The Sudan plant has an annual capacity of 400,000 tonnes of magnetite concentrate grading 62 to 64% following an expansion in June 2008. Production in 2008 from the XNS/Sudan complex was estimated to have been over 300,000 tonnes with sales revenues peaking at USD 130/t of concentrate. In early 2009, revenues averaged USD 85/t with operating costs averaging around USD 50 to USD 60/t. Initial productivity improvements are expected to lead to a 50% increase in capacity and a threefold increase in capacity to 1.2mtpa is planned by the end of 2011 funded entirely by incremental cash flow.
Operating margins are expected to remain robust as a result of the realisation of significant cost savings from the expansion of existing operations with the close proximity to local steel mills enabling the operations to capture a transport related pricing premium for its concentrate. This premium is expected to be enhanced by the implementation of a more focused marketing strategy.

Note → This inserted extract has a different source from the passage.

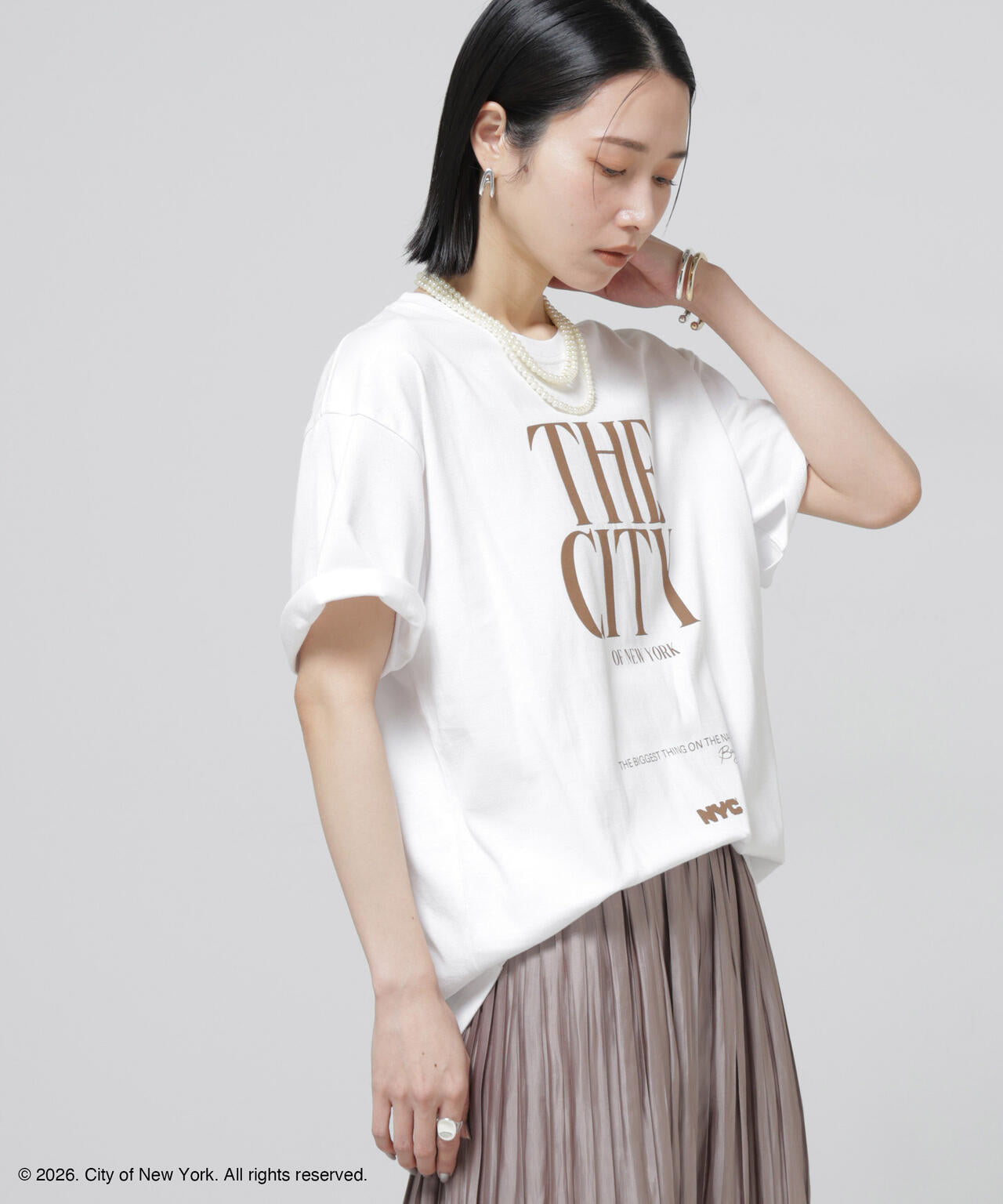 GOOD ROCK SPEED×Anti Soaked(R) 汗染み防止 NYC Tシャツ 6696124308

Graeme Hossie, Managing Director of London Mining said: "Our first investment in China provides us with immediate operating cash flow and accelerates our existing production profile. China is the world's largest steel producer and iron ore consumer by a significant margin and provides an excellent environment to grow our initial production platform. The recently announced Chinese domestic infrastructure programmes provide opportunity for iron ore producers and London Mining aims to become a significant and reliable supplier of iron ore to the Chinese steel industry, both domestically and from our other operations around the world. London Mining continues to focus on assets with potential for growth and high margin sustainability in geographies close to the intended markets. We are encouraged by the continued involvement of our Chinese partners and feel these relationships will generate unique opportunities for our global business."

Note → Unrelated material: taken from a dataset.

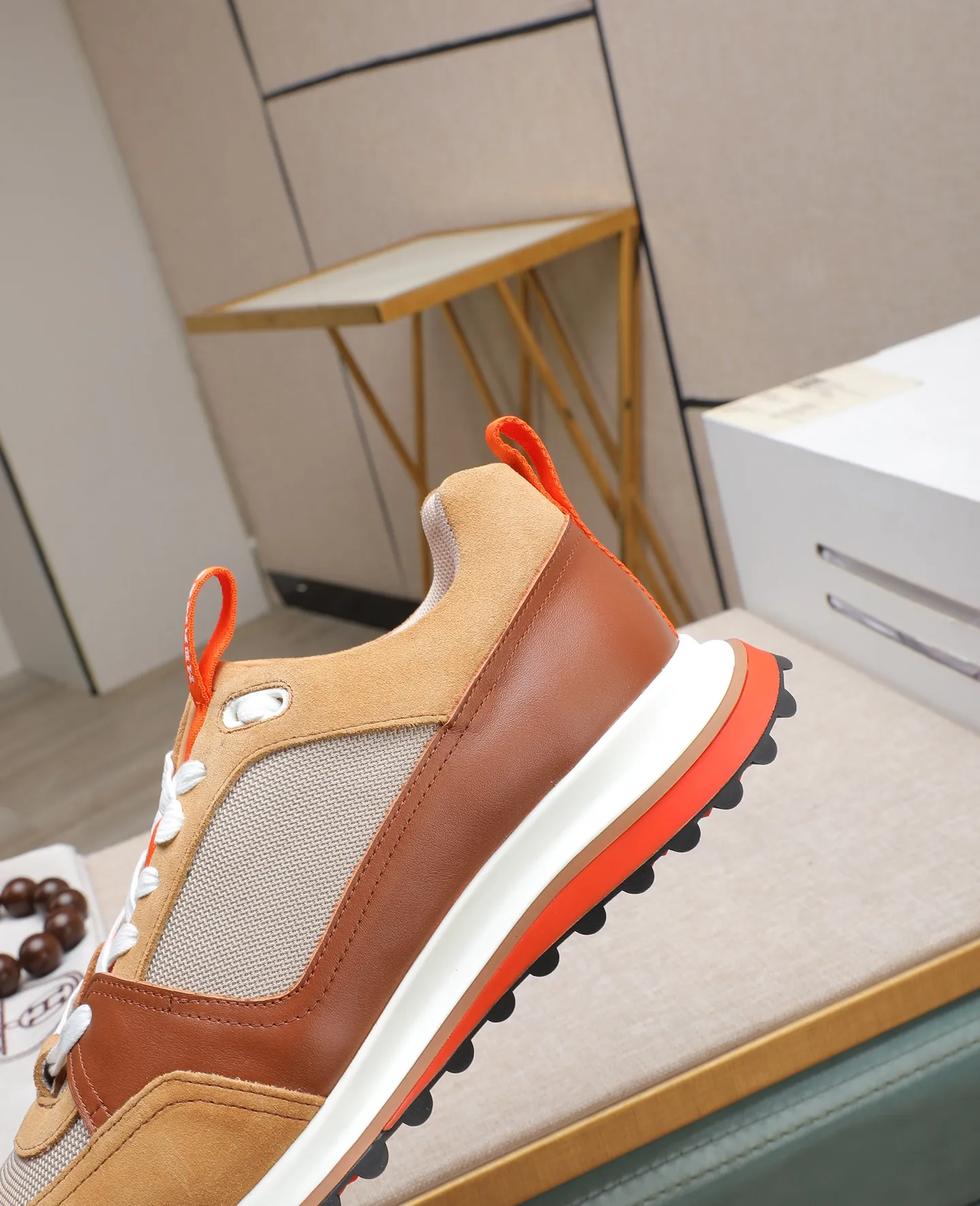 Men's shoes 💰760 Hermes🐴 25ss new autumn and winter products! Classic boot shape + British color matching design, imported calfskin, classic and durable! The original inverted mold last, the ultimate 1:1 shape, and the imported high-end cowhide presents a refined texture! Open the mold to customize the A-grade high-density private mold outsole with luxurious packaging! - Unique quality, 39-44 (38 45 46 customized)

For more information, please contact:
London Mining Plc
Graeme Hossie, Managing Director +44 (0)20 7201 5000
Rachel Rhodes, Finance Director +44 (0)20 7201 5000
Thomas Credland, Head of Investor Relations +44 (0)20 7201 5000
Crux Kommunikasjon AS
Charlotte Knudsen +47 97 56 19 59
Threadneedle Communication (UK)
Laurence Read/ Graham Herring +44 (0) 20 76539850
About London Mining
London Mining is incorporated and registered in the UK, and is developing mines to supply the global steel industry. In 2007, London Mining raised over USD 185 million to advance iron ore production from its projects, and listed on the Oslo Axess, a marketplace regulated by the Oslo Stock Exchange in October 2007. Following the sale of its Brazilian operations in August 2008 for more than USD 800 million, the Company has investments in iron ore projects and mines in China, Mexico, Saudi Arabia, Greenland and Sierra Leone, and coal projects and mines in South Africa and Colombia. London Mining is trading under the Reuters symbol LOND.OL and Bloomberg symbol LOND:NO.